Małgorzata Glinka-Mogentale to najbardziej utytułowana zawodniczka w Polsce. Czy jest szansa, aby wróciła do reprezentacji?

Rafał Kuliga
Rafał Kuliga

Media podały informację, w której to Małgorzata Glinka-Mogentale nie wykluczyła powrotu do reprezentacji. Dla spragnionych sukcesu kibiców taka konstatacja była bliska deklaracji, więc nazwisko doświadczonej przyjmującej Chemika Police zostało w zasadzie dopisanie do listy powołań, którą trener Piotr Makowski poda trzynastego grudnia. Sama zawodniczka przypomina, że niczego nigdy nie obiecywała.

- Rozmawiałam z prezesem Mirosławem Przedpełskim i powiedziałam, że sama jeszcze nie podjęłam decyzji. W tej formie przekazałam to również mediom. Nikomu nie obiecałam, że do kadry wrócę. Nigdzie się nie zadeklarowałam - mówi Glinka-Mogentale.
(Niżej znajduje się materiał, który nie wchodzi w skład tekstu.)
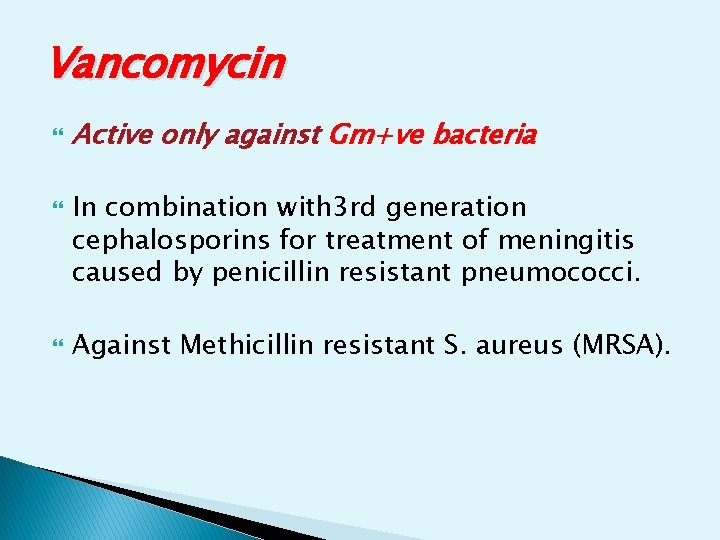 Vancomycin Active only against Gm+ve bacteria In combination with 3 rd generation cephalosporins for Vancomycin Active only against Gm+ve bacteria In combination with 3 rd generation cephalosporins for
Zapytaliśmy, kiedy możemy spodziewać się ewentualnej decyzji i od czego ona zależy. - Muszę to dobrze przemyśleć, zastanowić się. Ponadto bardzo ważne dla mnie byłoby to, jak ta kadra miałaby wyglądać. Jedna Glinka niczego nie zdziała, ja cudów nie czynię. Jeśli reprezentacja składałaby się z najlepszych zawodniczek, które zgodzą się na grę w kadrze, to wtedy miałoby to sens. Mogłybyśmy o coś powalczyć - kończy przyjmująca Chemika.